We evaluate KIL across five real-world manipulation tasks on two robot platforms. For each task, 50 demonstrations are collected with two training objects. Object positions are varied across the workspace; orientations are limited to ±30° around a canonical orientation. Each method is evaluated with 30 rollouts across three conditions: in-distribution, novel objects, and scene variations.

Pick a randomly placed shoe by the heel and put it on a tray at a fixed location.

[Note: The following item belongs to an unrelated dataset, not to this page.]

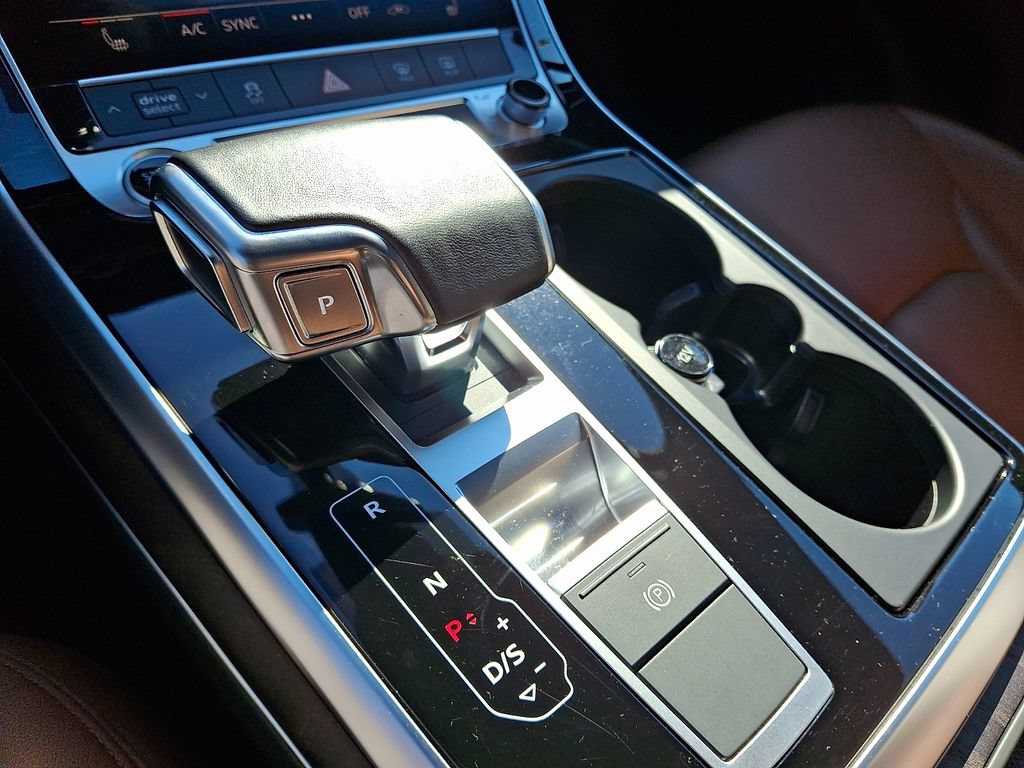 Used 2023 Audi Q7 2.0T Premium w/ Convenience Package AWD/4WD image 16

Success requires correct placement without moving the tray and with the shoe oriented within 90° of the tray’s y-axis.

Demonstration distribution — overlay of initial frames showing workspace coverage during data collection.

Keypoint configuration — reference image with annotated keypoints used for the policy representation.

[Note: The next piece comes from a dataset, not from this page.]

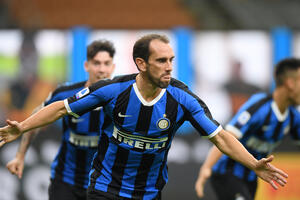 Inter dostigao Lacio na drugom mjestu, prvi gol Godina u Seriji A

Pick a randomly placed, upright mug by the rim and place it on a tray at a fixed position.

Pick a plastic bottle, move it over a cup at a randomized position, and tilt it as if pouring. Both objects are rotationally symmetric so orientation does not matter. Success requires the bottle to be tilted beyond horizontal and held directly above the cup.

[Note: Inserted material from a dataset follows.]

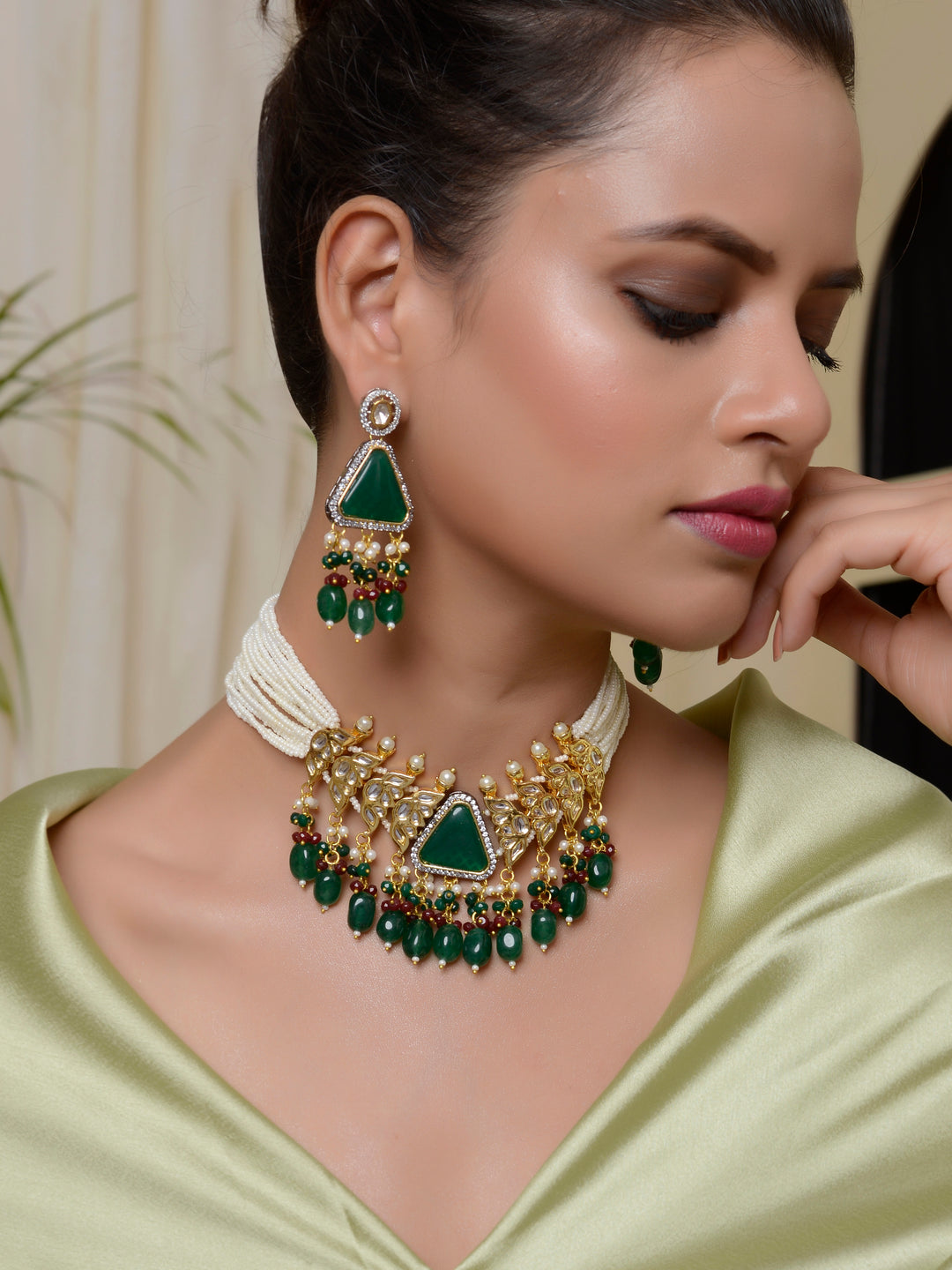 Green Kundan-Studded  Beaded Jewellery Set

Pick up a randomly placed pen and drop it into a cardboard box at a fixed location. Success requires the pen to fall inside or remain on top of the box without being dropped or moving the box.

Grasp a randomly positioned mouse from the sides and place it on a mouse pad at a fixed location. Success requires the mouse to be placed on the pad facing the scene camera with the scroll wheel visible, without moving the pad or dropping the mouse.

Experiments

We structure our evaluation around five research questions (RQ1–RQ5) using over 2000 real-world rollouts across five manipulation tasks on two robots. Each method is tested using 30 rollouts, split into 10 trials per condition: in-distribution, novel objects, and scene variations. Additionally, we highlight a surprising sensitivity of KIL to object orientations.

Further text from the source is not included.